The Microsoft Azure ASR service is a cloud based business continuity and disaster recovery (BC/DR) service. It can be used for a whole bunch of different scenarios, as in copying on premises virtual machines (VM's) into Azure within a hybrid cloud model which can then be used in a full scale DR replication situation, permanently migrating on premises Hyper-V and VMware VM's into Azure and also for protecting current Azure VM's by replicating them to other regions. These options could also be used together depending on your architecture and individual requirements. Please view the official Microsoft Documentation for in depth required information.
In today's blog post I will be writing about the option of simply protecting your current VM's running in Azure as this is a good way to initially start using and learning the service. Please note that there are also various options for setting this up for a large number of VM's, but the below guide is just for a single VM running within Azure. For any further information the Azure documentation linked at the bottom of this article a great place to start!
As of writing this feature is still listed as under preview within the Azure portal.

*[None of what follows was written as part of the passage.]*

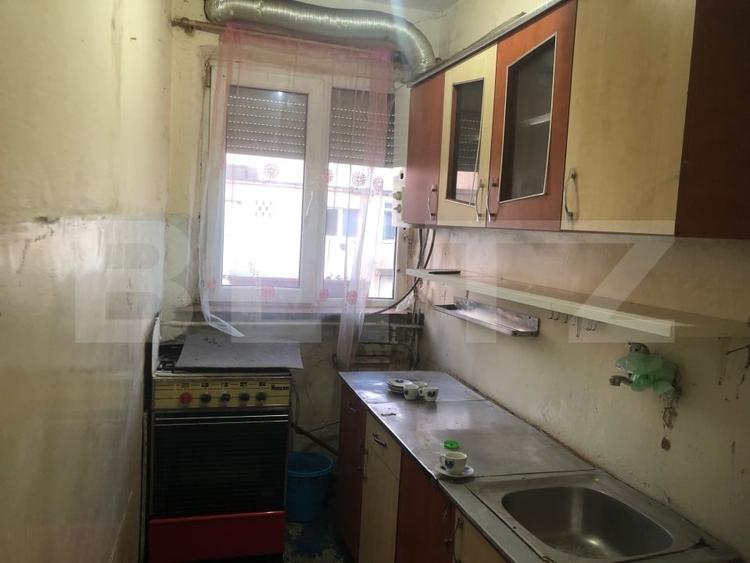 Apartament cu 2 camere nedecomandat în 14 Mai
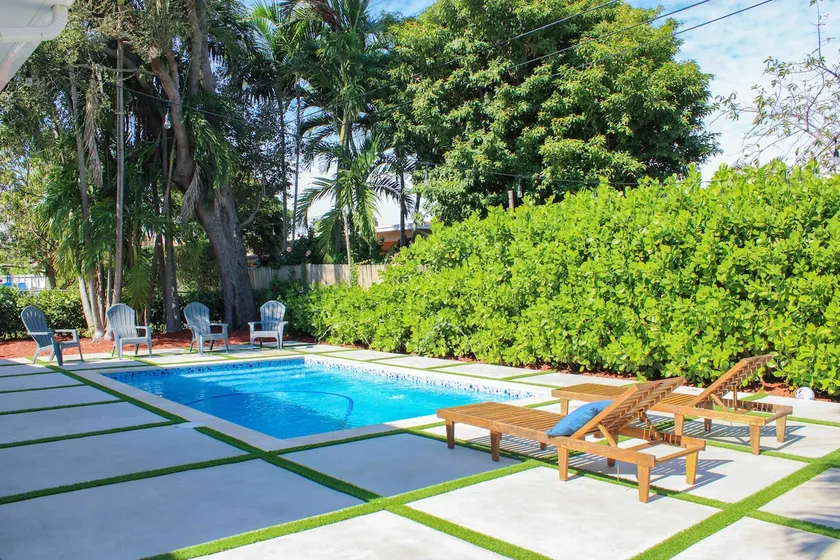 Gables Miami Home with HEATED SALT POOL. Near Beaches, Airport and Night life - Image 1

1. Login in to the Azure portal:
2. Select an existing VM and then click on the "Disaster recovery (preview)" tab:
3. Next you will need to specify the region that you would like to replicate to, as well as some further information, as in your existing resource group, availability sets and virtual network. Some of these settings will auto populate depending on the location of the current region of the selected VM, as in this case "West Europe":
4. The next information required is related to storage, you will need to check or adjust the initial storage location (if not managed disks which aren't being referenced in this article - this particular VM is using an existing storage location), as well as setup a new or existing recovery services vault which will be used for the replication. A recovery services vault is a storage "backup" location in which your VM will be copied and stored. You can also select a new or existing resource group as well as replication policy. If you leave these as defaults new resources will be automatically created for you:
5. Once you have completed the above steps you will see a graphic displaying the available replication regions:
6. if all looks good click "Enable replication" and that's it, replication will begin! :)
Once completed you can check the replication status within the same "Disaster Recovery (preview tab)" above.
You are also able to delete the replication and adjust other settings if required.